In a new paper titled Underperformance of Concentrated Stock Positions, Antti Petajisto from NYU took Bessimbinder’s stock even further by looking at the distribution of returns for stocks using shorter time frames.

This was the main takeaway:

Since 1926, the median ten-year return on individual U.S. stocks relative to the broad equity market is -7.9%, underperforming by 0.82% per year. For stocks that have been among the top 20% performers over the previous five years, the median ten-year market-adjusted return falls to -17.8%, underperforming by 1.94% per year. Since the end of World War II, the median ten-year market-adjusted return of recent winners has been negative for 93% of the time. The case for diversifying concentrated positions in individual stocks, particularly in recent market winners, is even stronger than most investors realize.

Allow me to sum up these findings — picking individual stocks is hard.

Petajisto created this neat chart that shows the distribution of returns for individual stocks over one month, one year, five years, ten years and twenty years:

Just look at how many stocks show negative returns the longer you extend your time horizon. And if you look on the right side of the distribution just a handful of stocks account for the biggest gainers.

His research shows 55% of all stocks are losers over 10 year time frames, on average. This is true across sectors too:

You could pick a stock in any sector and hold it for ten years, and there is a greater than 50% chance it will end up a loser.

The beautiful thing about the stock market is the winners have more than made up for the losers over time. While the median stock return is negative, the average is positive, which shows just how significant the gains can be from the winners.

So what does this tell us about the Magnificent 7 stocks?

Outsized gains are normal. It doesn’t feel right for a handful of stocks to experience the biggest returns but this is the norm in the stock market over the long run.

Some of these stocks are going to underperform (eventually). Interestingly enough, underperformance increases when you pick the top 20% of stocks over the previous five years:

The relative underperformance over rolling ten-year periods increases to 17.8% (or 1.94% per year) when considering only stocks whose performance ranked in the top 20% over the prior five years.

These tech behemoths have already defied the laws of gravity so I wouldn’t want to put myself in a position of guessing which ones are going to underperform in the coming years. But there’s a high likelihood of it happening to some of them.

Other stocks will pick up the slack. Sure, some of the Magnificient 7 stocks will falter eventually. They can’t keep this up forever.

Microsoft is the only one of these stocks that was in the top 10 of the S&P 500 in the year 2000. Others on the list include companies like General Electric, Citigroup, Cisco and AIG. These stocks all went on to underperform in a big way but the new giants stepped up and took their place.

I don’t know who the up-and-comers will be in the years ahead but it will happen again at some point.

Concentration can be a killer.
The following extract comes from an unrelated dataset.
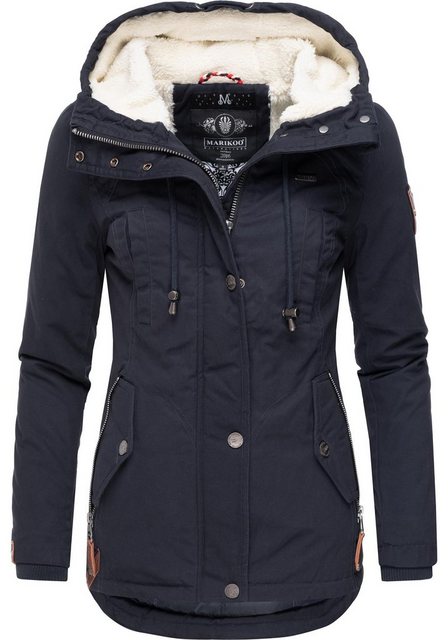 Marikoo Winterjacke Bikoo sportliche Damen Outdoor Baumwolljacke mit Kapuze günstig online kaufen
Holding concentrated positions in the stock market gives you the opportunity to outperform but also increases your chances of underperforming by a wide margin.

The problem with trying to outperform through concentration is the probabilities are stacked against you. For every Buffett, there are thousands of other investors who tried and failed to hold concentrated positions. We never hear about the losers.

Diversification not only helps manage risk in a portfolio but also increases your return in the stock market by giving you more opportunity to own the biggest winners.

We spoke about this question on the latest edition of Ask the Compound:

My colleague Alex Palumbo joined me again this week to answer questions about what to do with wedding money, the pros and cons of getting your MBA, tax-deferred retirement accounts and how to track your finances.

Further Reading:
Concentration in the Stock Market

1To be fair the average is skewed by Nvidia’s ~240% gain in 2023. But the median return is still almost 75% this year for these 7 stocks.

2This also doesn’t mean the biggest stocks are the only areas to invest in. The S&P 600 Small Cap Index is up 10.4% per year since inception in 1995. The S&P 400 Mid Cap Index is up 11.4% per year. Many of the biggest stocks started out small.